Segment Start: Excerpted data

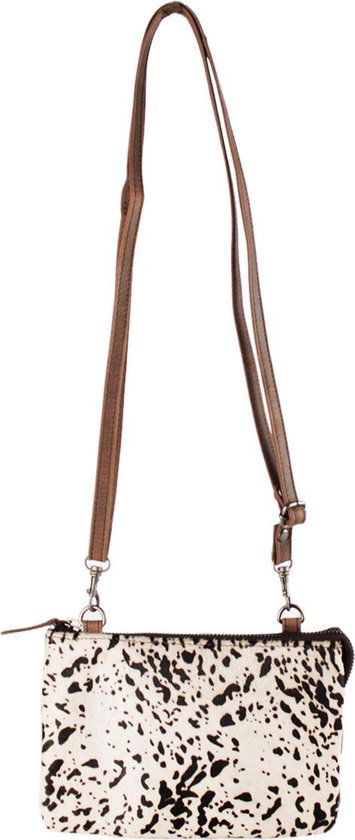 Festivaltasje donkerbruin leer met dierenprint schoudertasje leer crossbody tas dames - Arrigo Leather Goods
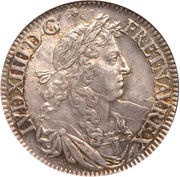 ½ Ecu with juvenile bust - Louis XIV 2nd mark obverse image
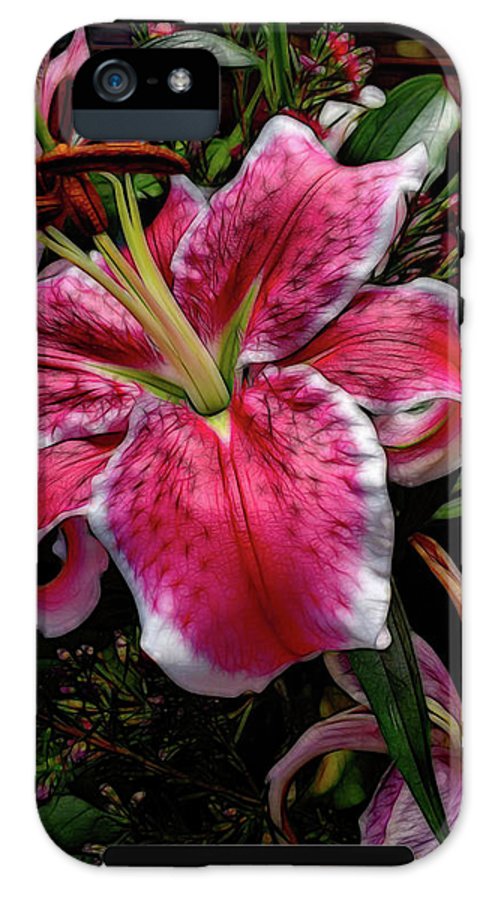 Big Petaled Pink and White Lily - Phone Case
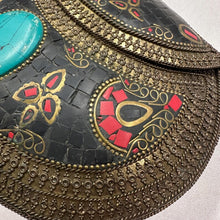 Vintage Bohemian Metal Clutch Bag | Turquoise Style Stone Crossbody Purse | Tribal Mosaic Evening Bag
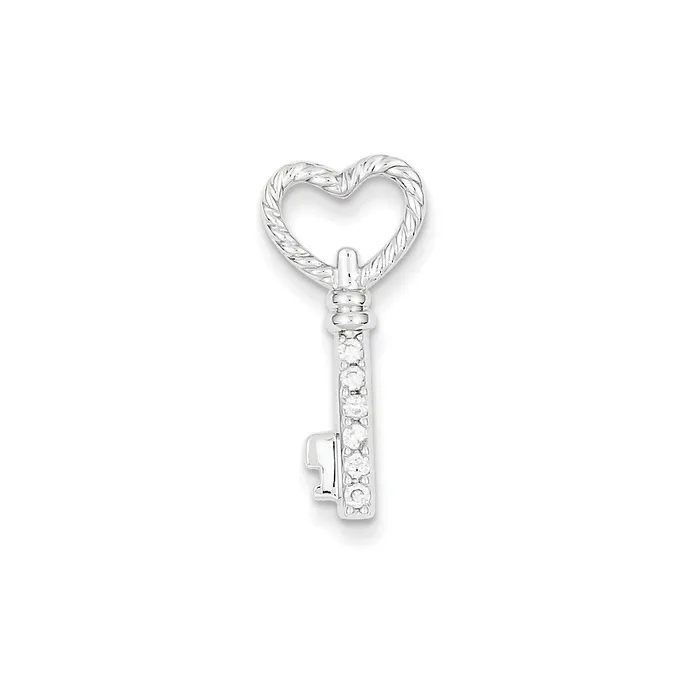 Goldia Necklaces 14k White Gold Real Diamond Key Chain Slide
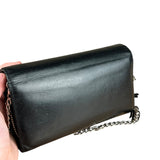 Balenciaga Black Leather Flap Wallet on Chain Bag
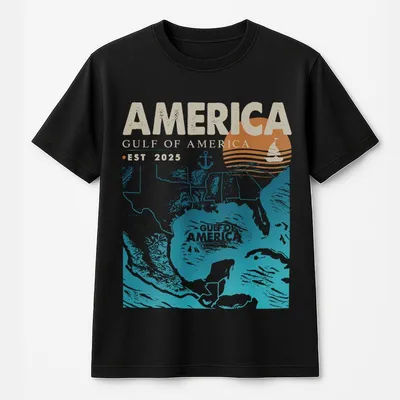 Gulf Of America Est 2025 T-Shirt,T-Shirt Unisex Full Color Full Size For Man And Women,All Size.Casual Round Neck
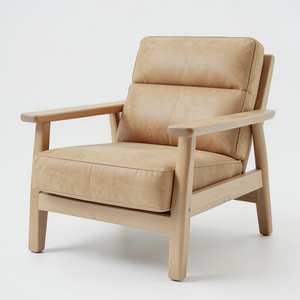 Sillón Moderno de Madera Maciza con Tapicería de Cuero Vacuno Genuino, Cómodo Sillón para Sala de Estar, Muebles de Interior - Product Image 1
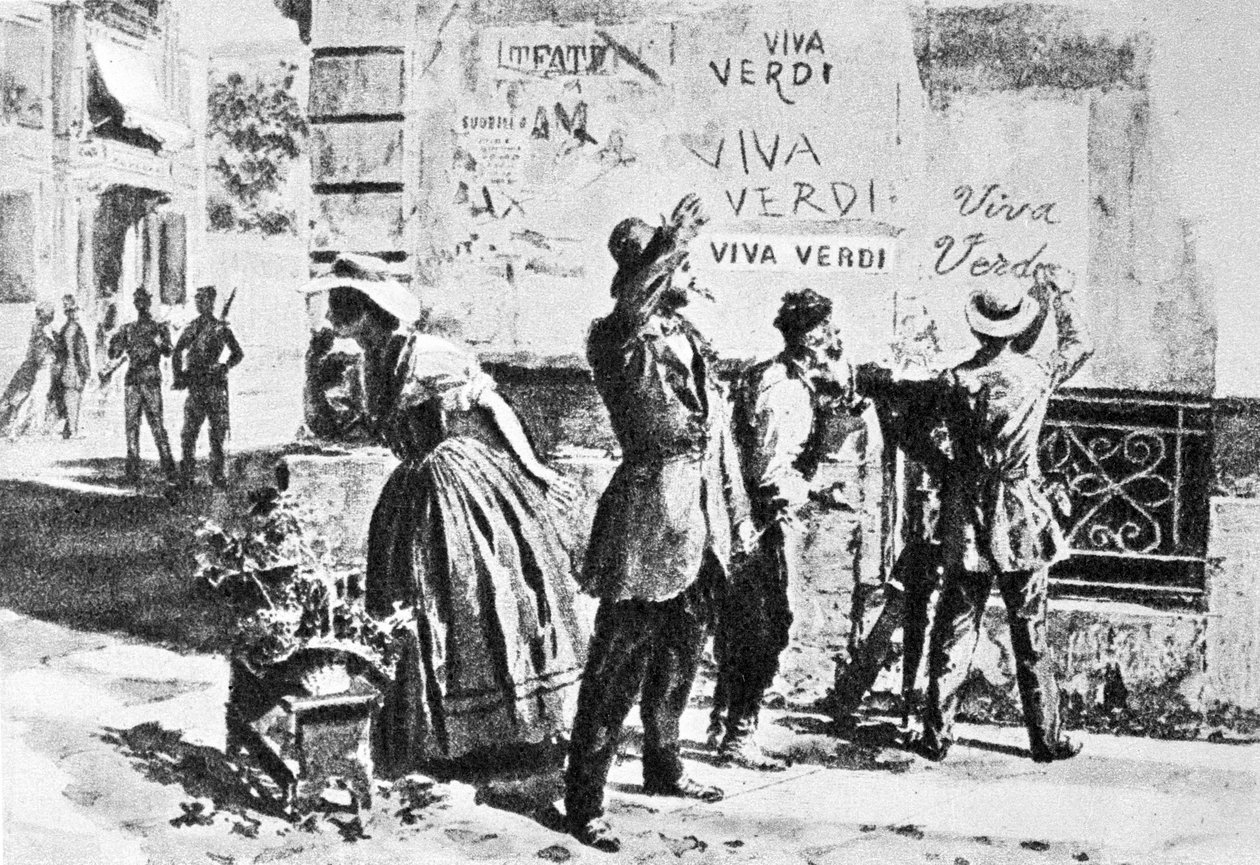 Viva Verdi: Entuzjastyczne inskrypcje dla Giuseppe Verdiego w Neapolu (królestwo obu Sycylii) pod okupacją austriacką w 1859 r., po zakazie wystawiania jego opery „Un Ballo in maschera” (V.E.R.D.I. (VERDI) = Vittorio Emanuele Re d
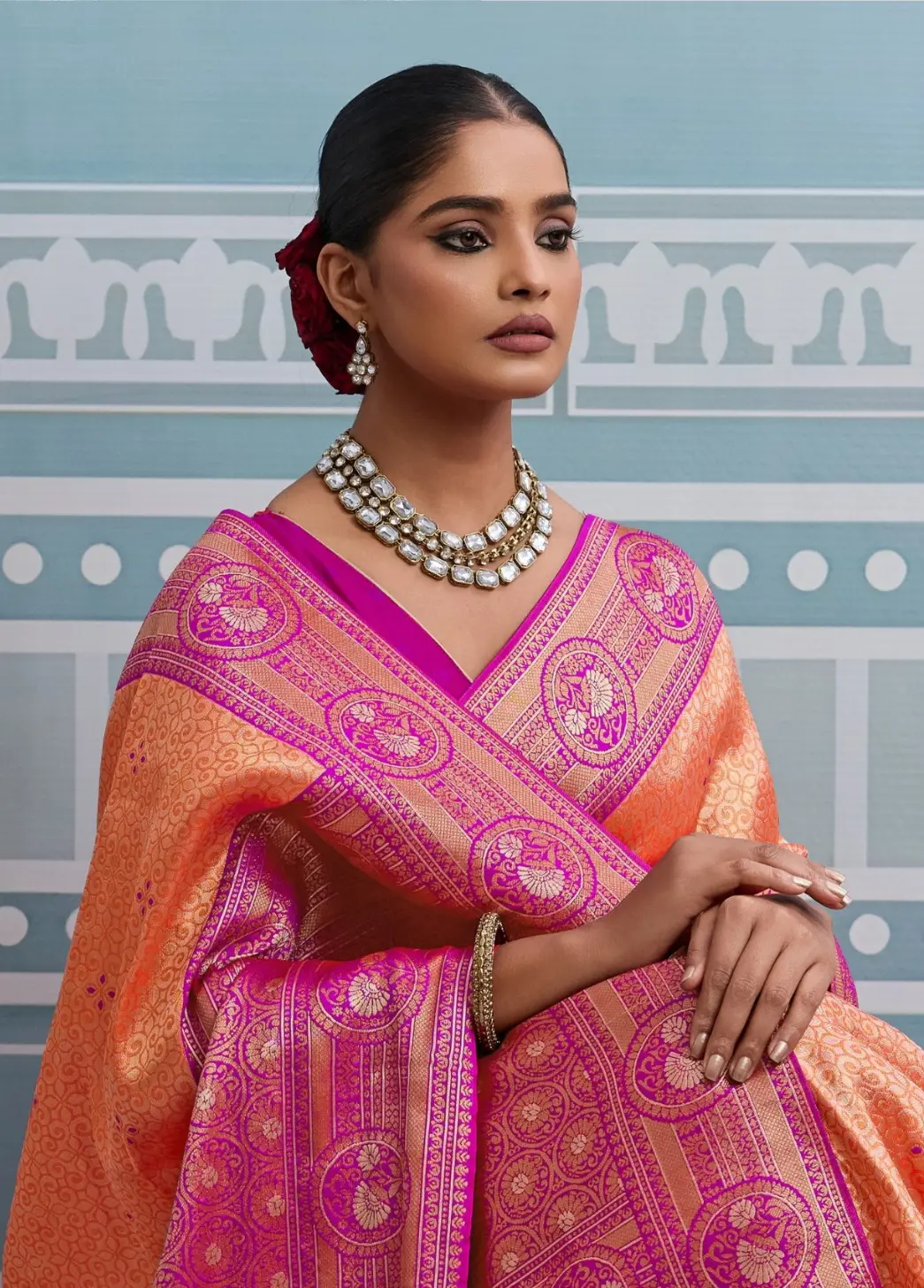 Roykals Dark Peach Kanjivaram Soft Silk Saree with Pink Blouse - Image 2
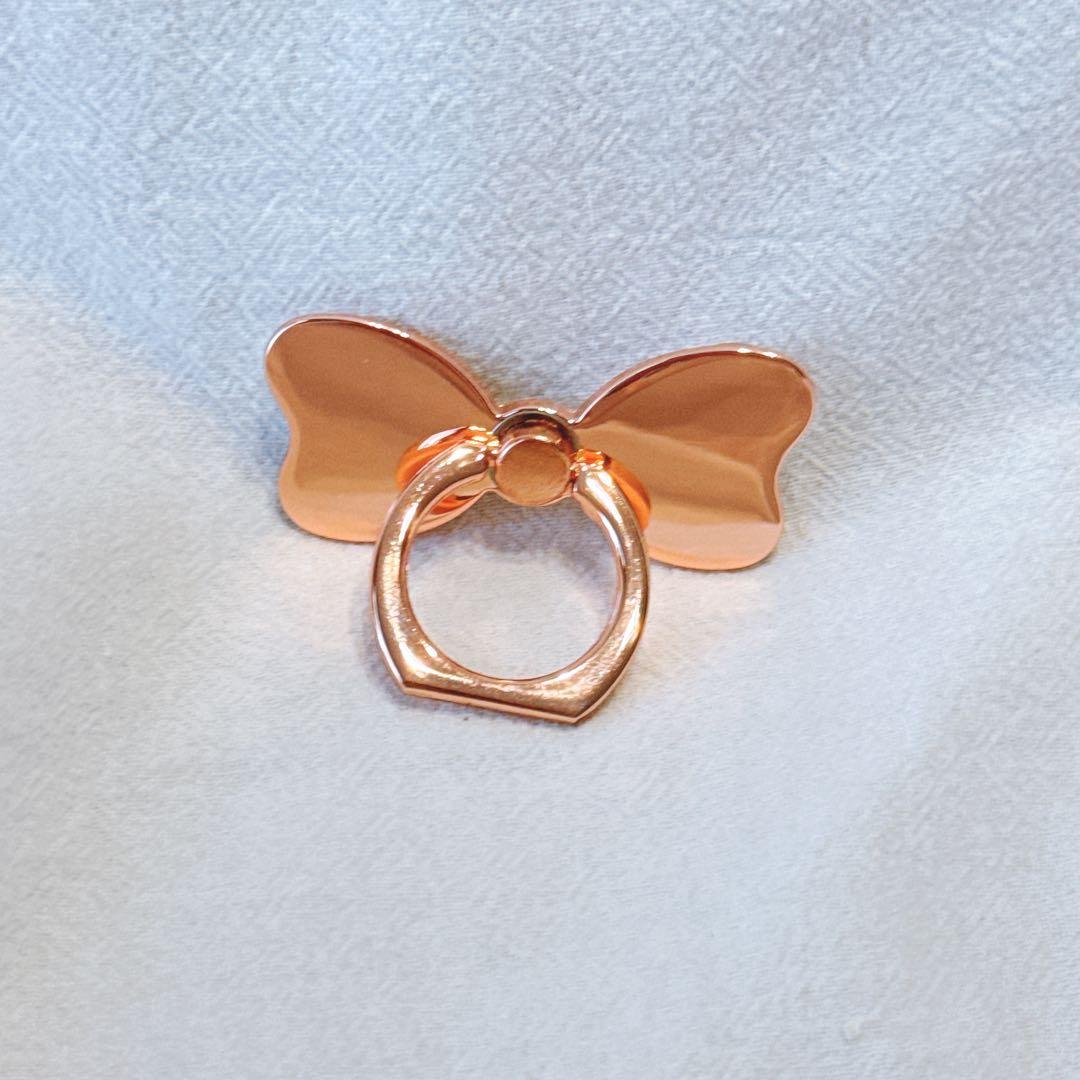 スマホリング りぼん ピンクゴールド かわいい ガーリー ピンク きらきら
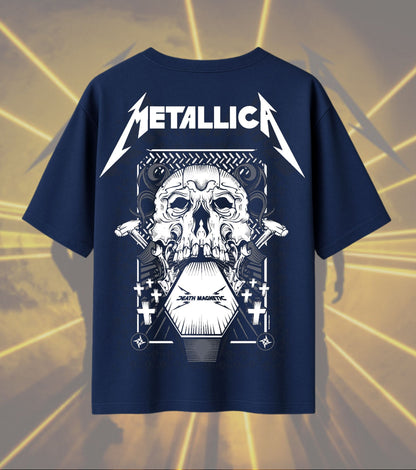 Metallica Death Magnetic Skull Graphic T-Shirt | Coffin Skull Artwork | Premium Cotton Unisex Oversized T-Shirt | Navy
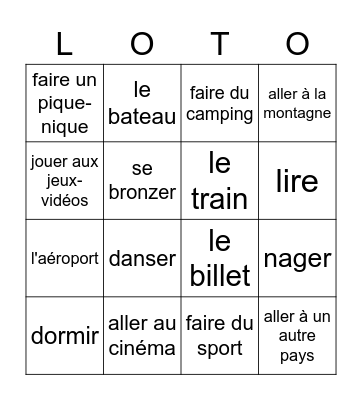 Les vacances - unité 7A Bingo Card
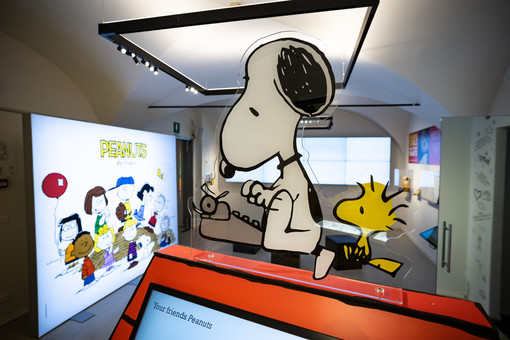 Uno scatto dell’esposizione “Charles M. Schulz, una vita con i Peanuts” visitabile con ingresso libero fino al 1° aprile 2024 (ph@ Loris Salussolia)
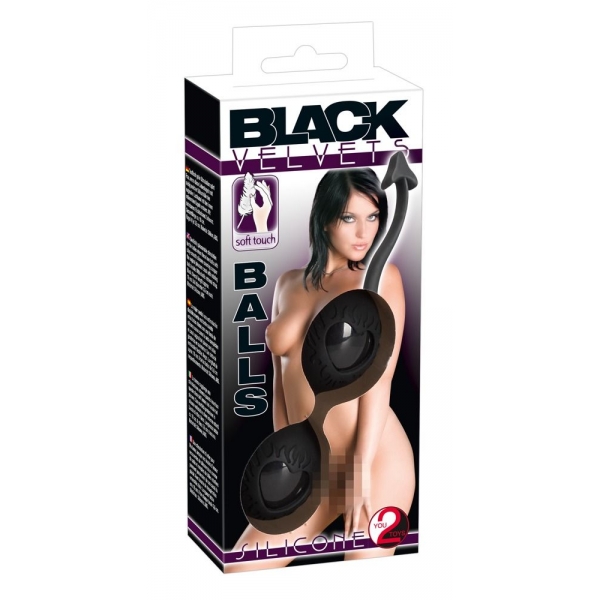 Чёрные вагинальные шарики с сердечками BLACK VELVETS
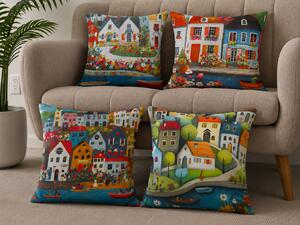 XPOSE® Set povlaků na polštář PŘÍSTAV (digitální tisk) 43x43 cm - set 4ks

Segment End: Excerpted data

Exercise goal:
Extract only the lines from the one that contains "スマホリング りぼん ピンクゴールド かわいい ガーリー ピンク きらきら" through the end of the records, inclusive, and omit every picture.

Solution:
 スマホリング りぼん ピンクゴールド かわいい ガーリー ピンク きらきら
 Metallica Death Magnetic Skull Graphic T-Shirt | Coffin Skull Artwork | Premium Cotton Unisex Oversized T-Shirt | Navy
 Les vacances - unité 7A Bingo Card
 Uno scatto dell’esposizione “Charles M. Schulz, una vita con i Peanuts” visitabile con ingresso libero fino al 1° aprile 2024 (ph@ Loris Salussolia)
 Чёрные вагинальные шарики с сердечками BLACK VELVETS
 XPOSE® Set povlaků na polštář PŘÍSTAV (digitální tisk) 43x43 cm - set 4ks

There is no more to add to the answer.